- EXERCISE OBJECTIVE -
Repeat each line of the data below exactly, but skip the pictures.

- STORED DATA -
********************

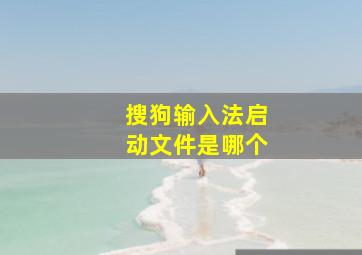 搜狗输入法启动文件是哪个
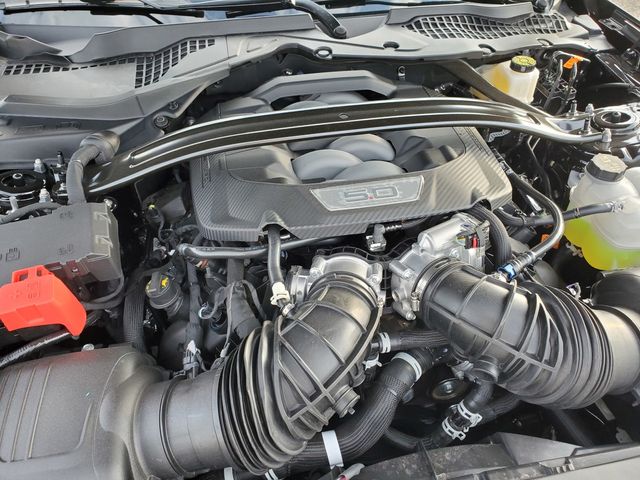 New 2025 Black Ford GT Premium image 36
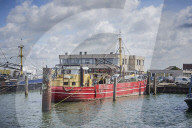 REPORTAGE - Niederlande: Start der Muschelsaison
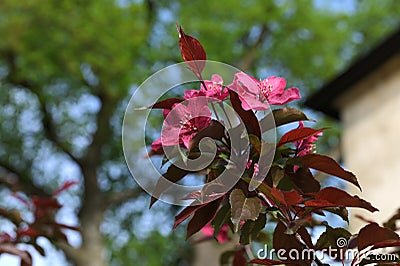 Double pink plum blossoms, Prunus cerasifera Stock Photo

********************

- OUTPUT -
 搜狗输入法启动文件是哪个
 New 2025 Black Ford GT Premium image 36
 REPORTAGE - Niederlande: Start der Muschelsaison
 Double pink plum blossoms, Prunus cerasifera Stock Photo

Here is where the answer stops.